Key areas to benefit from the collaborative will be Eastern, Western and Northern Maine, areas particularly stressed by events beyond their control in the last year.

In addition to the School of Economics and College of Business, Public Policy and Health, other principal units participating at UMaine include the College of Engineering and Cooperative Extension, which are pledging expertise to help businesses. Assistance will be offered in an array of formats, including programs at economic and business-development conferences and workshops, online programming and on-site firm visits.  The UMaine team is beginning a phase to network with existing development groups and efforts to maximize coordination and combined impact, Stevens and Criner say.

Maine’s U.S. Rep. Mike Michaud, whose home town of Millinocket generated the idea for the program by approaching the School of Economics through Michaud’s office, says the innovative and collaborative approach “will strengthen employers throughout the region and help retain and create jobs.”

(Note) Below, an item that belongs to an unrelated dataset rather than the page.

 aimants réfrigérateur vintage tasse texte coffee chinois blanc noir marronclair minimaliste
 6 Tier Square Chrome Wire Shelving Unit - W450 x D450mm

“The recession and recent natural disasters have caused tremendous economic hardship for families and businesses in our state,” Michaud says in a prepared statement. “Federal disaster assistance is a critical tool that helps our communities rebuild. But many of the existing programs lack the technical assistance that is really what many of these communities and businesses need. The Knowledge Transfer Alliance will help Maine businesses respond when disasters strike and help build a system of support during economic downturns.”

Maine’s U.S. Sens. Olympia Snowe and Susan Collins add in a joint statement that businesses selected to participate in the alliance “will benefit significantly from this EDA funding as they work to improve their business models, helping to improve the overall economy.”

Stevens notes that stressed businesses often do not have the time or resources to step back and view the bigger picture and plan strategically because they may be operating at or near crises stage. Criner says bringing university and affiliated expertise to Maine businesses and manufacturers makes sense.

Team leaders also like the “give back” feature of the program, in which participating businesses will be given the opportunity to assist other businesses at some point in the future, Criner says.

“We hope to build a cohort of program graduates so we can all work together to help turn Maine’s economy around,” he says.